Gattari da legare: Volevo gli anticorpi
Le probabilità di contrarre la toxoplasmosi per una gattara seriale risultata negativa al test
Ieri Mentegatto mi ha fatto venire voglia di raccontarvi una cosa: ogni tanto, presa da un irrefrenabile quanto raro attacco di ipocondria, mi faccio prelevare un bel quartino di sangue e mi faccio analizzare da capo a piedi. L’ultimo attacco l’ho avuto dieci giorni fa e, mentre pensavo a quali malattie tropicali potessi essermi esposta sul divano della mia italianissima casa, un pensiero mi ha fulminata: la toxoplasmosi! Non avevo mai fatto il test. Il giorno dopo, sorriso stampato e certa del risultato positivo, tendo il braccio al medico, fiduciosa. Attendo le 24 ore, vado a prendere i risultati, apro la busta e… negativo! Ma come?
Ho passato 25 anni della mia vita (sono anni, che ho 25 anni) a strettissimo contatto con i gatti; pulisco lettiere da un’eternità, ho avuto gatti incontinenti, giocato da bambina con la terra di giardini che ospitavano gatti, preso randagi dalla strada, subito assalti felini prima, durante e dopo la preparazione del mio cibo, mangiato salami, affettato prosciutti, divorato verdure crude nelle bettole peggiori del Cairo e non ho i miei anticorpi? Ma cosa deve fare di più, una donna? Li voglio, mi spettano, li ho guadagnati sul campo.

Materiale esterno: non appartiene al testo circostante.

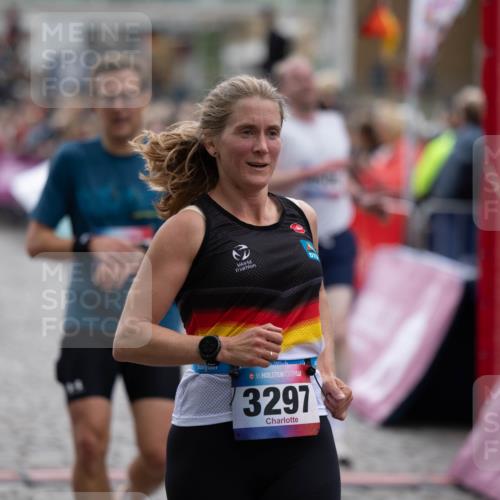 12.06.2026 - Holstenköstenlauf Michael Strokosch http://msf.ph/oto/9748912 12.06.2026 17:50:37 Laufen 36, 3297 meine-sportfotos.de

Forse è colpa di mia madre e dei suoi “lavati le mani!” o, semplicemente, del mio corpo, capace di prendere una bronchite se non sono vestita come un’eschimese raffreddata, ma del tutto refrattario ai virus. Magari la spiegazione è più semplice: sono stata fortunata, e la toxo non è così facile da contrarre. Ma cercate di capirmi: a una gattara della mia età, che non sarà di 25 anni ma è non moltissimo di più, degli anticorpi alla toxoplasmosi fanno sempre comodo. Penso ai cacciatori (e ai serial killer. Strana associazione di idee), che hanno i loro trofei. Anch’io volevo il mio: “quelle sono le corna di un alce che ho ucciso l’anno scorso”. “Ah sì? Vuoi vedere le mie analisi?”.